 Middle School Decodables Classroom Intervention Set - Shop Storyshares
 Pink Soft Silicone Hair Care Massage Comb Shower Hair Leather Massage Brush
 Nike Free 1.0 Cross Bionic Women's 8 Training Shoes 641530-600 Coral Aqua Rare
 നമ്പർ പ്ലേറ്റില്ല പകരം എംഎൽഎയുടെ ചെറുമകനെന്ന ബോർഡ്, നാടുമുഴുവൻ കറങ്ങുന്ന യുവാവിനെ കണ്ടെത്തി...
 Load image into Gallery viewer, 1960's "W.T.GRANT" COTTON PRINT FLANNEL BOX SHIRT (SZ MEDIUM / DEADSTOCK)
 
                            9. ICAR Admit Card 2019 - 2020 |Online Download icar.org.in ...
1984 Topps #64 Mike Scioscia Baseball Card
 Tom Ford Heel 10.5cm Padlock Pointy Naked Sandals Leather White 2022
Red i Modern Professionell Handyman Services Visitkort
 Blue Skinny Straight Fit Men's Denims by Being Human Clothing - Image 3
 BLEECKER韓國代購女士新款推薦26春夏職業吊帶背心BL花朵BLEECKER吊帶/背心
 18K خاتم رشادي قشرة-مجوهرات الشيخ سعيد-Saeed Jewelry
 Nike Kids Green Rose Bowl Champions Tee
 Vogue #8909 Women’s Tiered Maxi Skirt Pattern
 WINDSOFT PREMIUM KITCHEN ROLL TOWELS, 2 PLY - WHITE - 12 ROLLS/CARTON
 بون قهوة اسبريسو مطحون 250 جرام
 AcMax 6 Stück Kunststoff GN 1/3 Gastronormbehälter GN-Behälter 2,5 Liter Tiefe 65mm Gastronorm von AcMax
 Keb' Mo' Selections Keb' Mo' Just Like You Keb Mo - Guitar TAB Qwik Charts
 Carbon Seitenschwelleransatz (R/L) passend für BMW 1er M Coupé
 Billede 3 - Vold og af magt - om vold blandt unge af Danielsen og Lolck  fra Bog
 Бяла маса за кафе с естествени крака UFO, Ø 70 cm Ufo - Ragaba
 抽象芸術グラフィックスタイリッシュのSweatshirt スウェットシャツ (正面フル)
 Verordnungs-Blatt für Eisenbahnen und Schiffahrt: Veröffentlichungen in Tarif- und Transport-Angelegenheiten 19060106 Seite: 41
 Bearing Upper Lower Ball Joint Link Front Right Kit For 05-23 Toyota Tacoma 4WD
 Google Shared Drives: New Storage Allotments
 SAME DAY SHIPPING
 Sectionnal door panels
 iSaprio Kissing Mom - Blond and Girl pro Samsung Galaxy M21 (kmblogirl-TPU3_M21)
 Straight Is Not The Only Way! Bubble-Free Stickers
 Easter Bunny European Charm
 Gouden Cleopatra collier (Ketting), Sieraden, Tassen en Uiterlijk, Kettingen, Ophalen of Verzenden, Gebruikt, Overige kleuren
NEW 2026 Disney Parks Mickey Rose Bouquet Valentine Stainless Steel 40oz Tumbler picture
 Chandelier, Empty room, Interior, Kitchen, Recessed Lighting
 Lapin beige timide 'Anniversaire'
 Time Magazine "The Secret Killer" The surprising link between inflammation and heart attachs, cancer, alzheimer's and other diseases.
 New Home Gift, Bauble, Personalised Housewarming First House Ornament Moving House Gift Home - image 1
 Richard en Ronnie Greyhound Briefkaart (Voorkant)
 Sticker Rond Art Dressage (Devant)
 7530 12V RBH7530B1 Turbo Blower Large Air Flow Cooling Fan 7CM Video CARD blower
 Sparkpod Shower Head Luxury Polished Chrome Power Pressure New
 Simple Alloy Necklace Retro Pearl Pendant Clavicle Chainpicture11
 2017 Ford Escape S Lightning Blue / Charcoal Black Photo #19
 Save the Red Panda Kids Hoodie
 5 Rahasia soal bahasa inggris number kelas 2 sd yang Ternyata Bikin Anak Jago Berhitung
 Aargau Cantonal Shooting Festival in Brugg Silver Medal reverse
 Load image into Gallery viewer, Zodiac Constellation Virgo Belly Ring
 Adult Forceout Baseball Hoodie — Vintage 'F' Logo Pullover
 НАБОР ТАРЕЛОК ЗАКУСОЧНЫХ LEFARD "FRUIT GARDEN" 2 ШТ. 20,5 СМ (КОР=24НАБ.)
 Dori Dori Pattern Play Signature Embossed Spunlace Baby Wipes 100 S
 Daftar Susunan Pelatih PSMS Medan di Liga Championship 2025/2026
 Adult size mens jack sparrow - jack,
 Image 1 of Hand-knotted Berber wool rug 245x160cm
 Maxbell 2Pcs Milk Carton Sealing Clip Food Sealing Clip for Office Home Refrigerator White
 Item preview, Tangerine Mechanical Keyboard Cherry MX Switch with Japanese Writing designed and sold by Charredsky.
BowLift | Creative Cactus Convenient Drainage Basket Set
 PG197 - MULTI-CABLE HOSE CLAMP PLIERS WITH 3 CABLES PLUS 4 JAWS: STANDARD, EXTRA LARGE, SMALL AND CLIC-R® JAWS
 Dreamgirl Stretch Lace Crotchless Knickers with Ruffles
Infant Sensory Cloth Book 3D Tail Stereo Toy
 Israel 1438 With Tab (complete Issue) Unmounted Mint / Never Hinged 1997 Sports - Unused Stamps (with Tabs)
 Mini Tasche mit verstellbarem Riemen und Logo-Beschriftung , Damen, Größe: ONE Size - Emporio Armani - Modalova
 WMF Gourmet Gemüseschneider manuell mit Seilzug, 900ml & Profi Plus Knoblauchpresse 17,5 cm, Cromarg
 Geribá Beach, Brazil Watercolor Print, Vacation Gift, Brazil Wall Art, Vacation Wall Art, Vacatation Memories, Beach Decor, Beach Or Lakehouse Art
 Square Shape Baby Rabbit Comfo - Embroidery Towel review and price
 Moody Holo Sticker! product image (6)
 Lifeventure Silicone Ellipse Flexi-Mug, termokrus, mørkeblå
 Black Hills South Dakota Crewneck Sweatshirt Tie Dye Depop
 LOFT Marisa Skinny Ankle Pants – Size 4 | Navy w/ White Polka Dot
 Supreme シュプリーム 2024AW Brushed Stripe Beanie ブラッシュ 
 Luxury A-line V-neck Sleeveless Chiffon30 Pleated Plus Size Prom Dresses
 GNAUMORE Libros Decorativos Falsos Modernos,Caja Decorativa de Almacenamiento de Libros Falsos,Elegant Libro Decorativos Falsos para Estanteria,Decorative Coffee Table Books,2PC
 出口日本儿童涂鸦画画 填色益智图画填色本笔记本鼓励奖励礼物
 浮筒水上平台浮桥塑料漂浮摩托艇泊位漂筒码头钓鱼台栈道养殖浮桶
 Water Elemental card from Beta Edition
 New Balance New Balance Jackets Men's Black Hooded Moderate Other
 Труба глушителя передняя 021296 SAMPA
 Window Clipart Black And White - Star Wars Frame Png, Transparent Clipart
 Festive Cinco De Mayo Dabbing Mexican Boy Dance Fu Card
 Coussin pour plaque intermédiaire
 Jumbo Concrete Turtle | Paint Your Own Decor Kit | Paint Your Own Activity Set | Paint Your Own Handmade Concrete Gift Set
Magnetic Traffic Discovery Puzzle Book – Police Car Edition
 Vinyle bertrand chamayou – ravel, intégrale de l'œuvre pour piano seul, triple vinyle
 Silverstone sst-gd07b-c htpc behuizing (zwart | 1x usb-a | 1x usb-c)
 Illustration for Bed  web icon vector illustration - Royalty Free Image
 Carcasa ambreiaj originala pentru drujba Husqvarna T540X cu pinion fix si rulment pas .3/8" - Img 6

Aim of the task
Each line in the data is to be written out precisely.

Completed exercise
 Middle School Decodables Classroom Intervention Set - Shop Storyshares
 Pink Soft Silicone Hair Care Massage Comb Shower Hair Leather Massage Brush
 Nike Free 1.0 Cross Bionic Women's 8 Training Shoes 641530-600 Coral Aqua Rare
 നമ്പർ പ്ലേറ്റില്ല പകരം എംഎൽഎയുടെ ചെറുമകനെന്ന ബോർഡ്, നാടുമുഴുവൻ കറങ്ങുന്ന യുവാവിനെ കണ്ടെത്തി...
 Load image into Gallery viewer, 1960's "W.T.GRANT" COTTON PRINT FLANNEL BOX SHIRT (SZ MEDIUM / DEADSTOCK)
 
                            9. ICAR Admit Card 2019 - 2020 |Online Download icar.org.in ...
1984 Topps #64 Mike Scioscia Baseball Card
 Tom Ford Heel 10.5cm Padlock Pointy Naked Sandals Leather White 2022
Red i Modern Professionell Handyman Services Visitkort
 Blue Skinny Straight Fit Men's Denims by Being Human Clothing - Image 3
 BLEECKER韓國代購女士新款推薦26春夏職業吊帶背心BL花朵BLEECKER吊帶/背心
 18K خاتم رشادي قشرة-مجوهرات الشيخ سعيد-Saeed Jewelry
 Nike Kids Green Rose Bowl Champions Tee
 Vogue #8909 Women’s Tiered Maxi Skirt Pattern
 WINDSOFT PREMIUM KITCHEN ROLL TOWELS, 2 PLY - WHITE - 12 ROLLS/CARTON
 بون قهوة اسبريسو مطحون 250 جرام
 AcMax 6 Stück Kunststoff GN 1/3 Gastronormbehälter GN-Behälter 2,5 Liter Tiefe 65mm Gastronorm von AcMax
 Keb' Mo' Selections Keb' Mo' Just Like You Keb Mo - Guitar TAB Qwik Charts
 Carbon Seitenschwelleransatz (R/L) passend für BMW 1er M Coupé
 Billede 3 - Vold og af magt - om vold blandt unge af Danielsen og Lolck  fra Bog
 Бяла маса за кафе с естествени крака UFO, Ø 70 cm Ufo - Ragaba
 抽象芸術グラフィックスタイリッシュのSweatshirt スウェットシャツ (正面フル)
 Verordnungs-Blatt für Eisenbahnen und Schiffahrt: Veröffentlichungen in Tarif- und Transport-Angelegenheiten 19060106 Seite: 41
 Bearing Upper Lower Ball Joint Link Front Right Kit For 05-23 Toyota Tacoma 4WD
 Google Shared Drives: New Storage Allotments
 SAME DAY SHIPPING
 Sectionnal door panels
 iSaprio Kissing Mom - Blond and Girl pro Samsung Galaxy M21 (kmblogirl-TPU3_M21)
 Straight Is Not The Only Way! Bubble-Free Stickers
 Easter Bunny European Charm
 Gouden Cleopatra collier (Ketting), Sieraden, Tassen en Uiterlijk, Kettingen, Ophalen of Verzenden, Gebruikt, Overige kleuren
NEW 2026 Disney Parks Mickey Rose Bouquet Valentine Stainless Steel 40oz Tumbler picture
 Chandelier, Empty room, Interior, Kitchen, Recessed Lighting
 Lapin beige timide 'Anniversaire'
 Time Magazine "The Secret Killer" The surprising link between inflammation and heart attachs, cancer, alzheimer's and other diseases.
 New Home Gift, Bauble, Personalised Housewarming First House Ornament Moving House Gift Home - image 1
 Richard en Ronnie Greyhound Briefkaart (Voorkant)
 Sticker Rond Art Dressage (Devant)
 7530 12V RBH7530B1 Turbo Blower Large Air Flow Cooling Fan 7CM Video CARD blower
 Sparkpod Shower Head Luxury Polished Chrome Power Pressure New
 Simple Alloy Necklace Retro Pearl Pendant Clavicle Chainpicture11
 2017 Ford Escape S Lightning Blue / Charcoal Black Photo #19
 Save the Red Panda Kids Hoodie
 5 Rahasia soal bahasa inggris number kelas 2 sd yang Ternyata Bikin Anak Jago Berhitung
 Aargau Cantonal Shooting Festival in Brugg Silver Medal reverse
 Load image into Gallery viewer, Zodiac Constellation Virgo Belly Ring
 Adult Forceout Baseball Hoodie — Vintage 'F' Logo Pullover
 НАБОР ТАРЕЛОК ЗАКУСОЧНЫХ LEFARD "FRUIT GARDEN" 2 ШТ. 20,5 СМ (КОР=24НАБ.)
 Dori Dori Pattern Play Signature Embossed Spunlace Baby Wipes 100 S
 Daftar Susunan Pelatih PSMS Medan di Liga Championship 2025/2026
 Adult size mens jack sparrow - jack,
 Image 1 of Hand-knotted Berber wool rug 245x160cm
 Maxbell 2Pcs Milk Carton Sealing Clip Food Sealing Clip for Office Home Refrigerator White
 Item preview, Tangerine Mechanical Keyboard Cherry MX Switch with Japanese Writing designed and sold by Charredsky.
BowLift | Creative Cactus Convenient Drainage Basket Set
 PG197 - MULTI-CABLE HOSE CLAMP PLIERS WITH 3 CABLES PLUS 4 JAWS: STANDARD, EXTRA LARGE, SMALL AND CLIC-R® JAWS
 Dreamgirl Stretch Lace Crotchless Knickers with Ruffles
Infant Sensory Cloth Book 3D Tail Stereo Toy
 Israel 1438 With Tab (complete Issue) Unmounted Mint / Never Hinged 1997 Sports - Unused Stamps (with Tabs)
 Mini Tasche mit verstellbarem Riemen und Logo-Beschriftung , Damen, Größe: ONE Size - Emporio Armani - Modalova
 WMF Gourmet Gemüseschneider manuell mit Seilzug, 900ml & Profi Plus Knoblauchpresse 17,5 cm, Cromarg
 Geribá Beach, Brazil Watercolor Print, Vacation Gift, Brazil Wall Art, Vacation Wall Art, Vacatation Memories, Beach Decor, Beach Or Lakehouse Art
 Square Shape Baby Rabbit Comfo - Embroidery Towel review and price
 Moody Holo Sticker! product image (6)
 Lifeventure Silicone Ellipse Flexi-Mug, termokrus, mørkeblå
 Black Hills South Dakota Crewneck Sweatshirt Tie Dye Depop
 LOFT Marisa Skinny Ankle Pants – Size 4 | Navy w/ White Polka Dot
 Supreme シュプリーム 2024AW Brushed Stripe Beanie ブラッシュ 
 Luxury A-line V-neck Sleeveless Chiffon30 Pleated Plus Size Prom Dresses
 GNAUMORE Libros Decorativos Falsos Modernos,Caja Decorativa de Almacenamiento de Libros Falsos,Elegant Libro Decorativos Falsos para Estanteria,Decorative Coffee Table Books,2PC
 出口日本儿童涂鸦画画 填色益智图画填色本笔记本鼓励奖励礼物
 浮筒水上平台浮桥塑料漂浮摩托艇泊位漂筒码头钓鱼台栈道养殖浮桶
 Water Elemental card from Beta Edition
 New Balance New Balance Jackets Men's Black Hooded Moderate Other
 Труба глушителя передняя 021296 SAMPA
 Window Clipart Black And White - Star Wars Frame Png, Transparent Clipart
 Festive Cinco De Mayo Dabbing Mexican Boy Dance Fu Card
 Coussin pour plaque intermédiaire
 Jumbo Concrete Turtle | Paint Your Own Decor Kit | Paint Your Own Activity Set | Paint Your Own Handmade Concrete Gift Set
Magnetic Traffic Discovery Puzzle Book – Police Car Edition
 Vinyle bertrand chamayou – ravel, intégrale de l'œuvre pour piano seul, triple vinyle
 Silverstone sst-gd07b-c htpc behuizing (zwart | 1x usb-a | 1x usb-c)
 Illustration for Bed  web icon vector illustration - Royalty Free Image
 Carcasa ambreiaj originala pentru drujba Husqvarna T540X cu pinion fix si rulment pas .3/8" - Img 6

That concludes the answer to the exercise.